The Artful Kitchen

The Artful Kitchen is a blog about art, food, and culture. The premise is that you can make beautiful, tasty, and healthy things at home--domestic works of art! Happy reading!

Wednesday, October 26, 2011

Feminism in the Kitchen

Today I finished Judy Chicago's excellent 1975 memoir Through the Flower: My Struggle as A Woman Artist and was struck by her repeated statements about the need to be nourished by and to nourish others. She was writing about the kind of emotional nourishment that comes from leading a fulfilling life and, in her case, being part of a community of women who supported each other, collaborated, and shared their ideas and their ideals openly and honestly, but I don't see why we can't also be talking about food. In fact, back in 1972, students in the Feminist Art Program at CalArts (a program co-founded by Chicago and Miriam Schapiro) created a Nurturant Kitchen environment as part of the larger collaborative project Womanhouse. The kitchen links women, reproduction and food, asking us to think about the complex ways these concepts are interwoven and what the ramifications of his interweaving are.

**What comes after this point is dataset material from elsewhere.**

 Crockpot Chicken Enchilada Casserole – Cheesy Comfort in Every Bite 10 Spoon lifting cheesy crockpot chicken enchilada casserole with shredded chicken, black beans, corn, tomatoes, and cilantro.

Vickie Hodgetts, Robin Weltsch, and Susan Frazier. Nurturant Kitchen at Womanhouse, 1972.

Food nourishes, everyone know that, and for some of us the act of preparing a meal and sharing it with the people we love nourishes on both a physical and emotional level. But I think things become more interesting (and more complicated) when we start to think about how cooking can be a feminist act.
On her blog Deeply Problematic, Rachel McCarthy James wrote about her feelings that cooking is power, and I'm inclined to agree. Not only does one exert a certain amount of power when choosing what will be consumed and how it will be prepared, but I actually feel powerful when I cook. Cooking involves some serious skill, and when I make bread, some serious muscle. I feel powerful because I'm doing something that I love and that I'm good at. It's kitchen alchemy, and it's incredibly valuable. It feels good to do it.....you know, unless things are inexplicably going wrong and I'm staring at the blender/stovetop/oven etc. yelling "why? Why?!"

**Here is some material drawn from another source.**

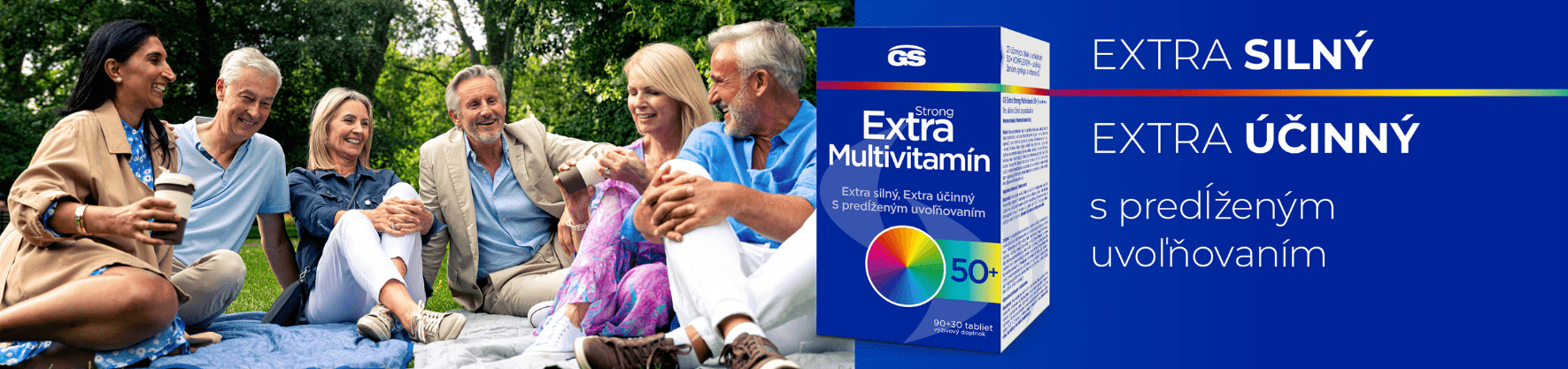 GS Extra Strong Multivitamín 50+ s predĺženým uvoľňovaním – extra silný výživový doplnok pre aktívne skupiny seniorov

I had a trying morning and decided that I wanted to make lunch for my husband and myself--something nice, warm, cheesy, satisfying. I wasn't doing it out of any sort of obligation, but because I know that vital connections are made through everyday acts, and this was my offering to myself and my partner. This was my small way of making today a little bit better and yes, a little more delicious.

Here's what I made:


I call these toasties and I often make them for breakfast, but today decided they'd be great for lunch. These are extremely easy--basically just open-faced toasted sandwiches, but they make you feel warm and fuzzy inside.



The key is in the herb butter. In a small bowl, mix dried parsley and garlic powder (be generous with both), then spread it on each slice of bread. You can put any kind of lunch meat on next, or any number of veggies (or both). I particularly love turkey with either carmelized onions or a slice of ripe tomato. Place a few very thin slices of cheese on top and toast in a toaster oven for about 4 minutes (longer if your bread was frozen to begin with or if the cheese doesn't look melted enough). If you are making a breakfast version, it's great with a fried egg. My advice is not to put the egg in the toaster oven, but to gently slide the cheese up and slip the fried egg underneath it once the sandwich has come out of the toaster oven.

UPDATE: ok, so since thinking about art is what I do for a living, I have been obsessing about this post and I wanted to clarify something. I realize that the women who created the Nurturant Kitchen (and Womanhouse generally) were critiquing the limited roles women had in U.S. society at the time. I don't want it to sound as if I missed or choose to disregard this critique. My feeling, writing several decades after Womanhouse, is that women did need to (and still need to) fight against oppression and one way to do that is by choosing your own path and your own role. In other words, we can make ourselves, and for me, taking on a role in which I get to experiment, make something with my hand, affect chemical reactions, and at the end of it, share what I made with people I love is not a burden, but something I take on willingly and yes, even joyfully.